This from a news story on WCCO Minneapolis the other day. A kit already exists that can retrofit almost any vehicle for ethanol. It's a big secret; guess why?
Letters from big oil companies show they stand in the way of ethanol.
"We're addicted to it, unfortunately," said Pawlenty. "And sadly in our country they want to keep the monopoly and when some alternative suppliers come up and say, 'Hey, we'd like to be in the market too,' the incumbent monopoly isn't real excited about the competition."
That means we're stuck in a chicken and egg debate. Automakers won't make more ethanol vehicles because there's not enough ethanol pumps because there aren't enough ethanol vehicles on the road.
There are roughly 200 million passenger cars in this country. If starting Thursday, every new car built was a flex-fuel model, it would take about 17 years to switch out every car.

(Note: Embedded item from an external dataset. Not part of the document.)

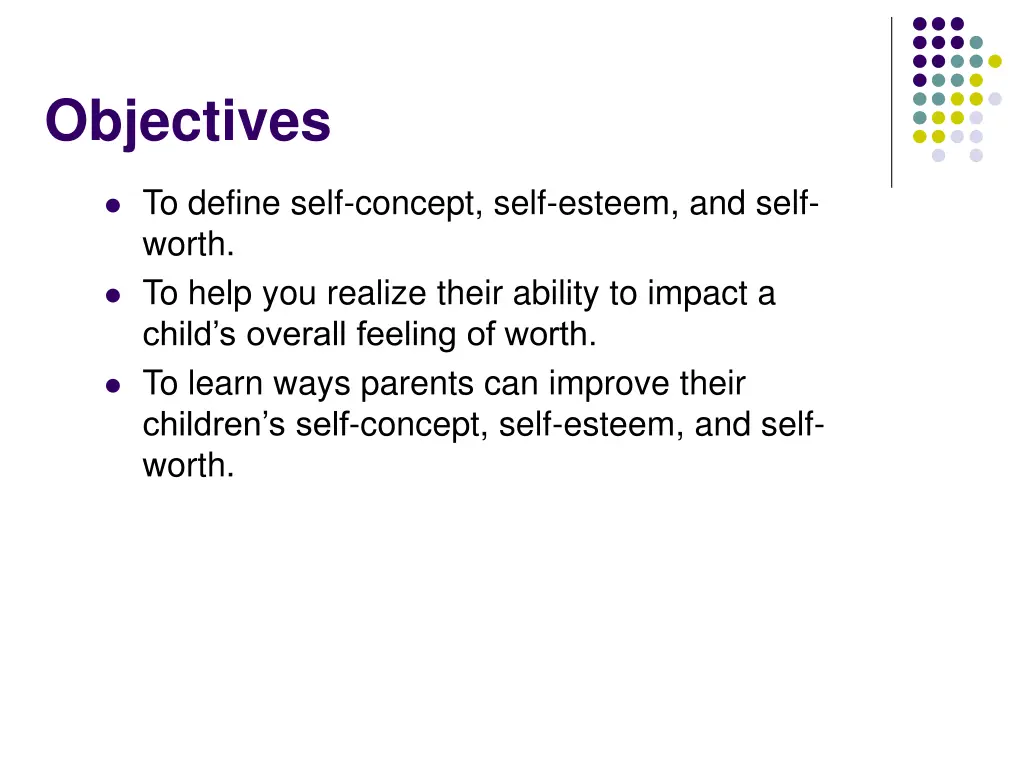 objectives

That could be done faster if current cars could be converted to flex-fuel and that's what Larry Olsen, a South Dakota corn farmer, did with his 1997 Lincoln Town Car. After 5,000 miles, he's noticed only a few gallons difference per mile with ethanol over gasoline.
"Most of the time, it's been the average of one to two miles a gallon," Olsen said. "It hasn't been the, you know, 20 percent loss like what the industry is claiming."

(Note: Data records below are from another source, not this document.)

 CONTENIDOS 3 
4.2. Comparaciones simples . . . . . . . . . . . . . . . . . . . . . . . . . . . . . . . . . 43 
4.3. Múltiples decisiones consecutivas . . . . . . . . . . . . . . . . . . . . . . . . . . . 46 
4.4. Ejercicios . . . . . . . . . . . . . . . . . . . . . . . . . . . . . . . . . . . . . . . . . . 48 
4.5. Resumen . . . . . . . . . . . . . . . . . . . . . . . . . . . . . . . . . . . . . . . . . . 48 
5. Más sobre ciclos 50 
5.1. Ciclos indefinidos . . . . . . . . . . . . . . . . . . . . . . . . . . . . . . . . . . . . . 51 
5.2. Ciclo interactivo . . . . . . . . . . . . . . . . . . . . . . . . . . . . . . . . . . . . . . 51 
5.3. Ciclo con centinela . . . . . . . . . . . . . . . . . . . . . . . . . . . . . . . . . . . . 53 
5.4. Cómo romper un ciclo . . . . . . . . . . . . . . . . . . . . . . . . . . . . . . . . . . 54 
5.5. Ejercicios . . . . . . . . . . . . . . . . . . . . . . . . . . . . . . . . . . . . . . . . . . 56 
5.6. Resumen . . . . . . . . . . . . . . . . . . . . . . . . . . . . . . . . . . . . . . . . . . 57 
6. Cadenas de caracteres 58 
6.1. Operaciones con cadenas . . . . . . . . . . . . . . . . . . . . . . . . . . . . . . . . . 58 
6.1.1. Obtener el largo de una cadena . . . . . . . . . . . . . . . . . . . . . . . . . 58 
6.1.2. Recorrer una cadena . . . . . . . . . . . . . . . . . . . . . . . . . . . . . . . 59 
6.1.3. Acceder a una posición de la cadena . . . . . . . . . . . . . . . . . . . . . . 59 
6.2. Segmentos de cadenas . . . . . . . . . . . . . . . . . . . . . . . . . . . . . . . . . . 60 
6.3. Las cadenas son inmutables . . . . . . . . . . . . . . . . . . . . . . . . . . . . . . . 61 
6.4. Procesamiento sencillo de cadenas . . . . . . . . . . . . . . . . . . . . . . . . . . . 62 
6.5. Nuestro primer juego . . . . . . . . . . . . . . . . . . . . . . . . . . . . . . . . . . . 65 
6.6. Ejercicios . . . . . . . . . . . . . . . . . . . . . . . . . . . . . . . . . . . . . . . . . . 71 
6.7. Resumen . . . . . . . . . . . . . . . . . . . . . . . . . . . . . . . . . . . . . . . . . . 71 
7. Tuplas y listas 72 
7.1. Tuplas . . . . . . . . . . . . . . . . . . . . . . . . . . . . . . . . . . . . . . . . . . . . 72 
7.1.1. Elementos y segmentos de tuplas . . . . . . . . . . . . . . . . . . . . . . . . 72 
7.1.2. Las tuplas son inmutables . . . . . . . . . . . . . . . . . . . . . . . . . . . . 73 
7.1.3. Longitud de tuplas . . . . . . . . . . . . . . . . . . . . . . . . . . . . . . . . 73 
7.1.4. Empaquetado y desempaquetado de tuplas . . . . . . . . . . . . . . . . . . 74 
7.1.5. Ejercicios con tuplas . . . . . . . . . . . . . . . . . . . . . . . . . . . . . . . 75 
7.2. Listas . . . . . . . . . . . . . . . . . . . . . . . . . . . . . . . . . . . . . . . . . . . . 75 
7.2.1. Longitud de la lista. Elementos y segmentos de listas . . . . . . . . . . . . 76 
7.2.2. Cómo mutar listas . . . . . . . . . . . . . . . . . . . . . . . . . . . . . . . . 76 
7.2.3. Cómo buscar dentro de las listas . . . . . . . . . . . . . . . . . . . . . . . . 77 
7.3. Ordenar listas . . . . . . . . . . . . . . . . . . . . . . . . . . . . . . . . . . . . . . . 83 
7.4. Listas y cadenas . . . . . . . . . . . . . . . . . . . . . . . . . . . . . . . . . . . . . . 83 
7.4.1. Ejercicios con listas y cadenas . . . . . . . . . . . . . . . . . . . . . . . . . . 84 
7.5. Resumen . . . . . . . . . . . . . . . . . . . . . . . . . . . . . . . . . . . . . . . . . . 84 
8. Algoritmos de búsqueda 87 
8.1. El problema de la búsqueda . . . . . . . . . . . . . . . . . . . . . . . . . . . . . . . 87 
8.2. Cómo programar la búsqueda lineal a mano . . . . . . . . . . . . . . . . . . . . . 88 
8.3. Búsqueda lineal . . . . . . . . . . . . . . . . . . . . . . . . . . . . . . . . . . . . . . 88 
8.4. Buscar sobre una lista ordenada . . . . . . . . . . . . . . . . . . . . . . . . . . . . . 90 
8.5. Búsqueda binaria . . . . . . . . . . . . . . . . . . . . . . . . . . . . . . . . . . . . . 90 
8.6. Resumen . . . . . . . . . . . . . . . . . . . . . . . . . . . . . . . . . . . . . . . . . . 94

Olsen used a conversion kit made by Flex Tek. The technology was invented in Brazil, where no foreign oil is imported and the country runs on an ethanol fuel economy.

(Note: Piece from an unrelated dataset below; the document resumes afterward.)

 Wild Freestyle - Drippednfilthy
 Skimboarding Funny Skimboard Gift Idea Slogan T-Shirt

"More than 50,000 vehicles are running on this technology in Brazil today," said Kevin Whited, the sales manager of Flex Tek.
Critics have said E85 can ruin engines but most vehicles are already built to run with 10 percent ethanol and ethanol is cleaner.
"It will perform much better with ethanol," Whited said.
At a shop in Long Lake, Minn. Brad Bristol and Flex Tek mechanic Kevin Burrell converted a BMW so it can run on either ethanol or gasoline.
It took 15 minutes, but the little engine modification, according to an obscure Environmental Protection Agency memorandum, is a violation of the Clean Air Act.
The memo was written at a time that didn't even envision ethanol conversions.
"We don't have to invent the wheel here," Pawlenty said. "Brazil already did it. The company that did it in Brazil also has a presence in the United States. We could take those kits, we could have the University of Minnesota or Minnesota State at Mankato do tests on various makes and models of cars about emissions, deliver those research results to the EPA and encourage them to use us as a pilot project or change the law all at once."
Changing the EPA rules would require congressional action.